Work item
Word for word, copy the entire listing below, but do not carry over any pictures.

Material provided
>>>>
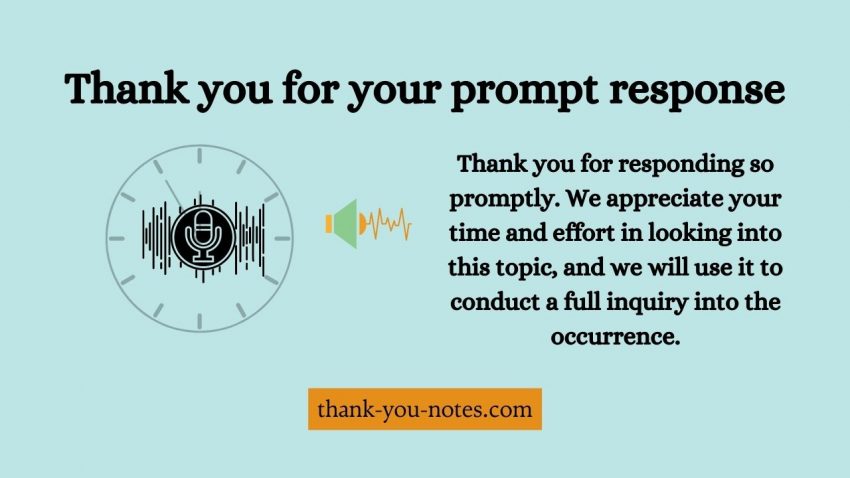 thank-you-for-your-prompt-reply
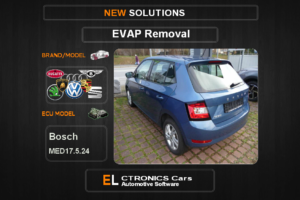 Evap OFF Volkswagen-Group Bosch MED17.5.24 Electronics cars Automotive software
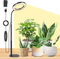 Luci per piante da interno, Lampada a LED per la crescita delle piante da scrivania, luce di crescita a spettro completo, altezza regolabile, timer auto3/9/12H,ideale per la crescita di piccole piante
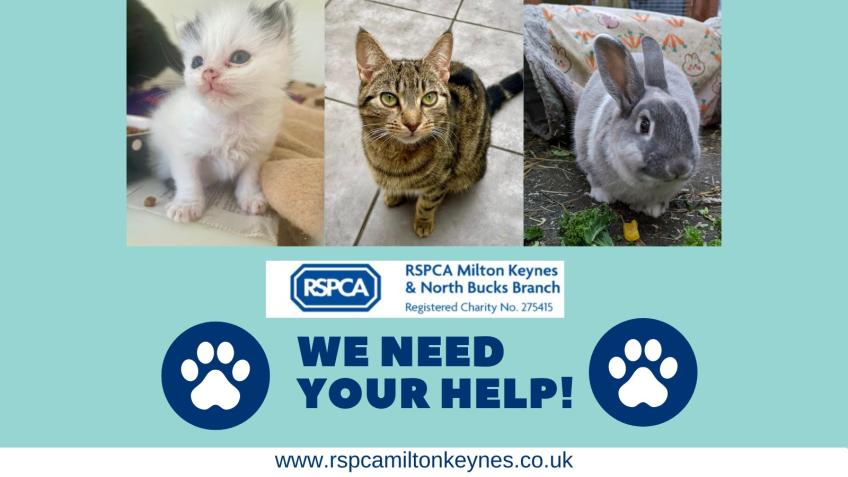 RSPCA Milton Keynes and North Buckinghamshire Branch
<<<<
Reply to the task
 thank-you-for-your-prompt-reply
 Evap OFF Volkswagen-Group Bosch MED17.5.24 Electronics cars Automotive software
 Luci per piante da interno, Lampada a LED per la crescita delle piante da scrivania, luce di crescita a spettro completo, altezza regolabile, timer auto3/9/12H,ideale per la crescita di piccole piante
 RSPCA Milton Keynes and North Buckinghamshire Branch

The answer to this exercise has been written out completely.